Hay varias formas de avanzar en su gestión, entre ellas:

  • Comunicar. Es importante comunicarse con su equipo para poder entender sus necesidades, evaluar sus progresos y ayudarles a alcanzar sus objetivos.
  • Sea positivo; Debes ser tú quien dé ejemplo a tu equipo. Sea positivo durante sus interacciones con su equipo para que se sientan más cómodos comunicándose con usted.
  • Entrénese cuando lo necesite; Evalúa las habilidades de tu equipo y comprueba si puedes mejorar alguna área con formación. La formación también ayuda a tu equipo a aprender nuevas habilidades y fomenta el crecimiento.

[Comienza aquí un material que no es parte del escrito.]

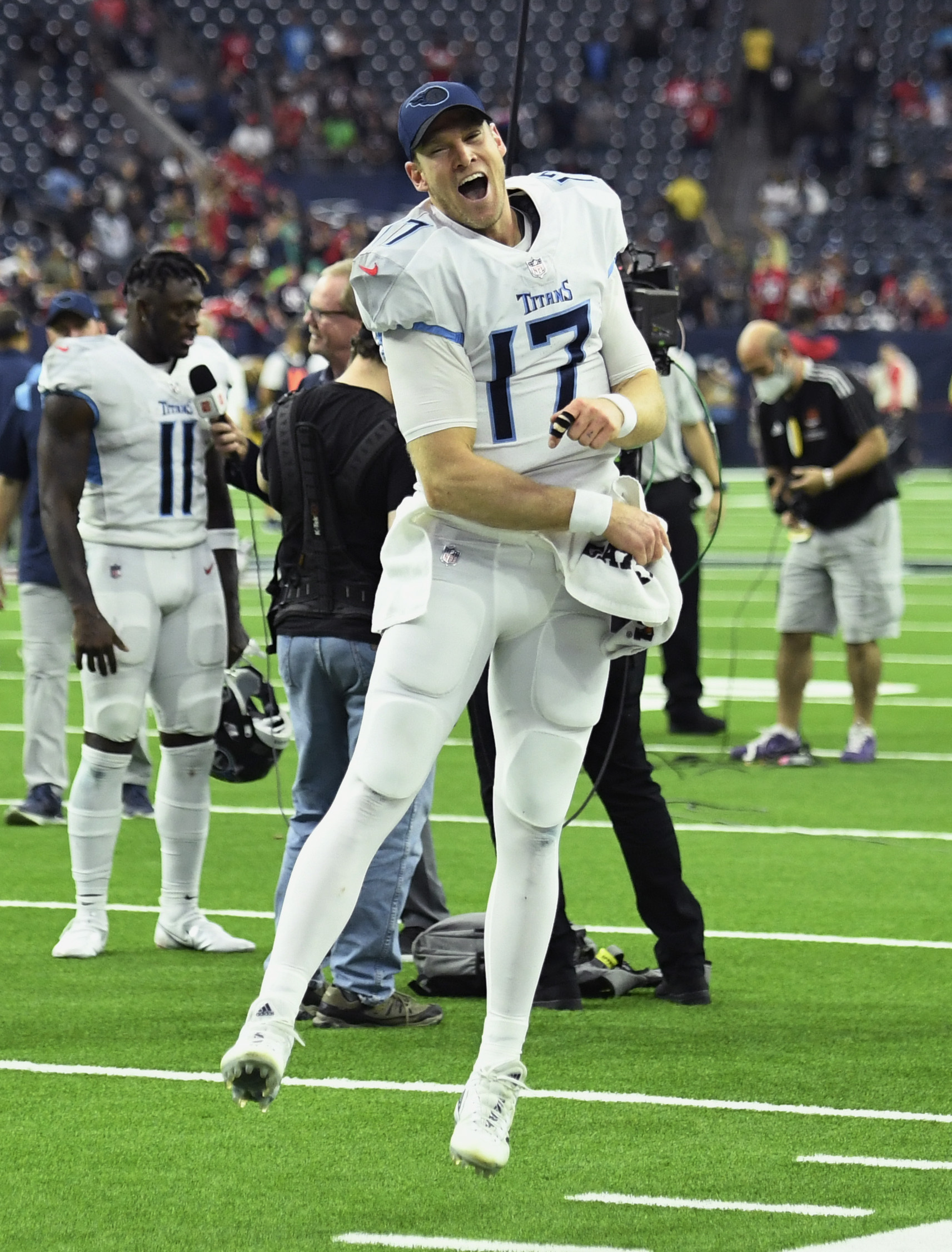 Nashville, United States. 22nd Jan, 2022. Tennessee Titans quarterback Ryan  Tannehill (17) throws against the Cincinnati Bengals during the first half  of an NFL Divisional Playoff game at Nissan Stadium in Nashville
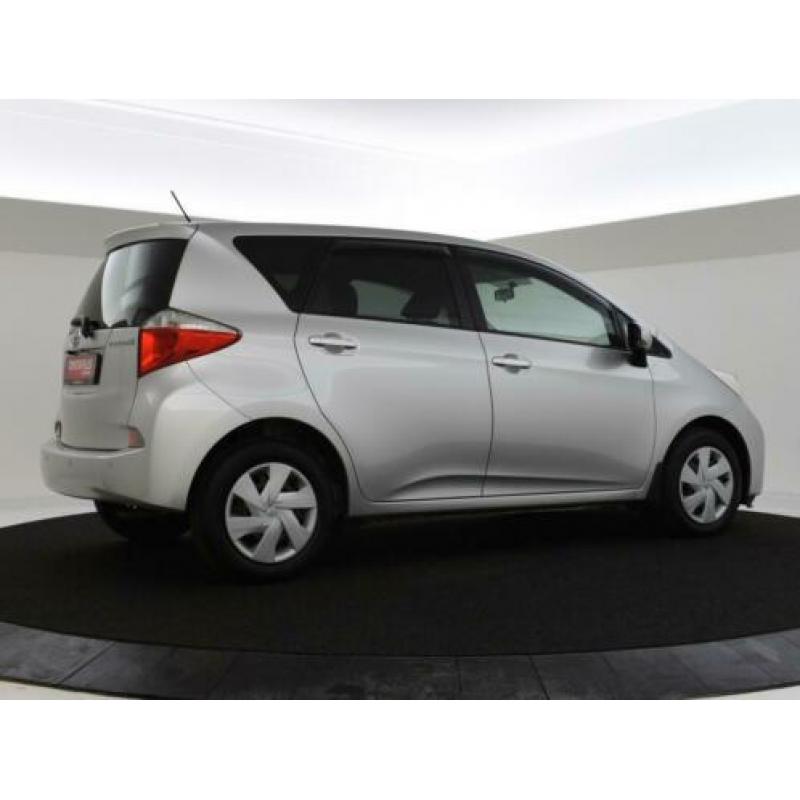 Toyota Verso-S 1.3 VVT-i Dynamic Automaat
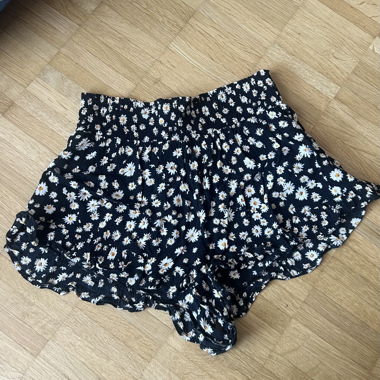 Geblümte Shorts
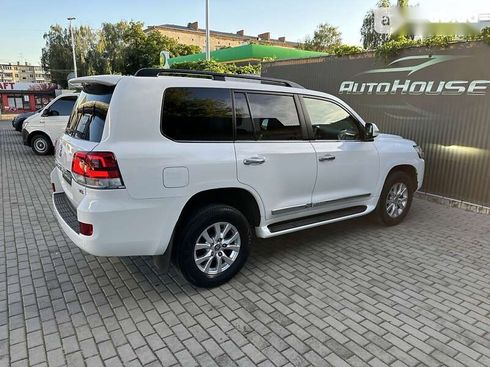 Toyota Land Cruiser 2019 - фото 26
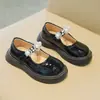 Sapatos infantis 2025 primavera e outono novos estilo coreano sapatos de couro pequenos com pérolas para meninas crianças médias e grandes sola macia bico redondo sapatos de princesa modernos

  • Colabora.  Como directivo, debe sentirse cómodo delegando tareas, pero también colaborando con su equipo para lograr objetivos comunes. Colaborar con su equipo también le permitirá ver si hay algo que pueda hacer para ayudar a sus compañeros o al equipo en su conjunto.
  • Práctica. Quizás la mejor manera de adquirir nuevas habilidades es practicarlas en un entorno de gestión real. Adquirir experiencia en el puesto de trabajo en estas habilidades le ayudará en la escala de ascensos. Haz lo mejor para tu equipo, ejerce de líder y trata a tu equipo con justicia.